(Short web captions)

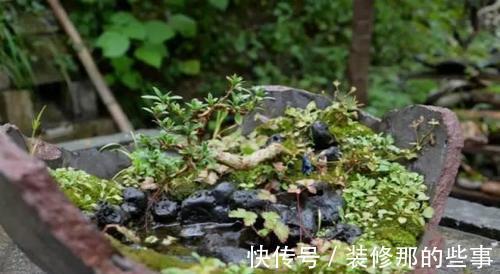 个性|破壶烂瓦做盆,每一个都破出了个性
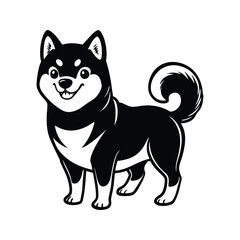 Obraz premium Adorable black and white shiba inu dog standing with a happy smiling expression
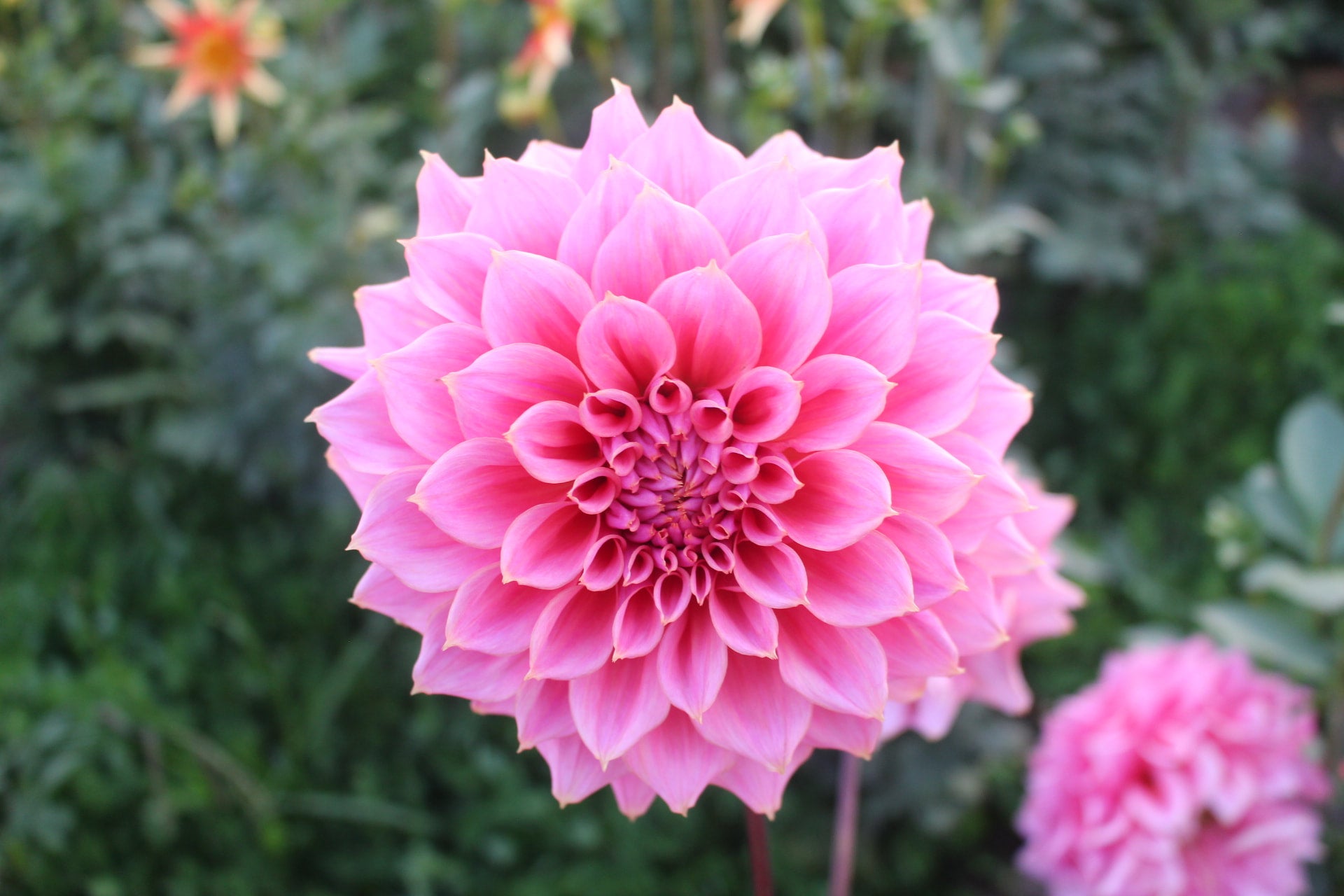 under-the-sea-country-dahlias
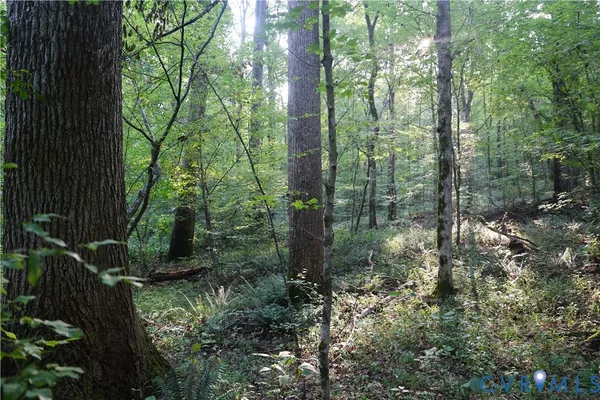 $524,950 | 0 Redlawn Road, Boydton, VA 23917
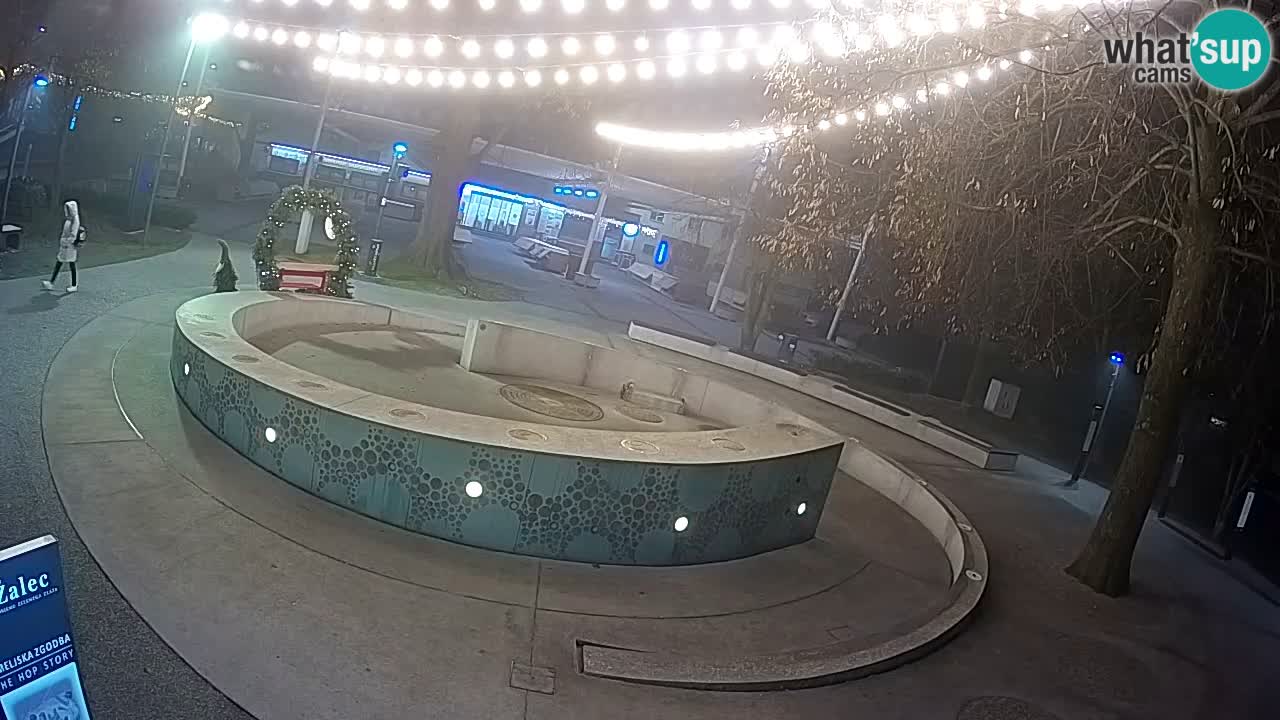 Bier-Springbrunnen Webcam Žalec – Grünen Goldes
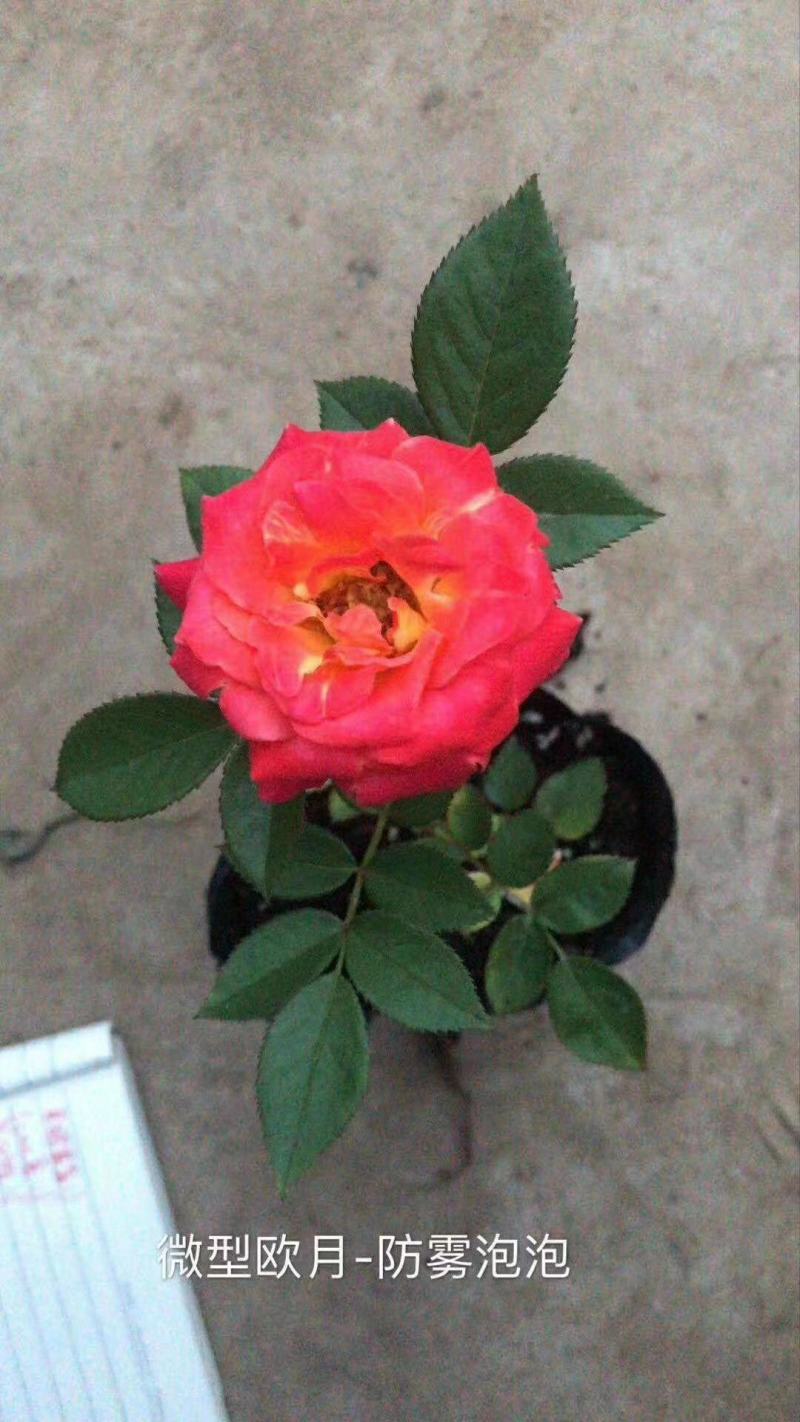 玫瑰花苗老桩四季开花浓香盆栽花卉月季大花阳台室内外观花绿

WORK ORDER =>
Each line from the one holding "Obraz premium Adorable" through the final line of the data needs to be transcribed exactly. Include both ends, skip the pictures, and add nothing.

WRITTEN ANSWER =>
 Obraz premium Adorable black and white shiba inu dog standing with a happy smiling expression
 under-the-sea-country-dahlias
 $524,950 | 0 Redlawn Road, Boydton, VA 23917
 Bier-Springbrunnen Webcam Žalec – Grünen Goldes
 玫瑰花苗老桩四季开花浓香盆栽花卉月季大花阳台室内外观花绿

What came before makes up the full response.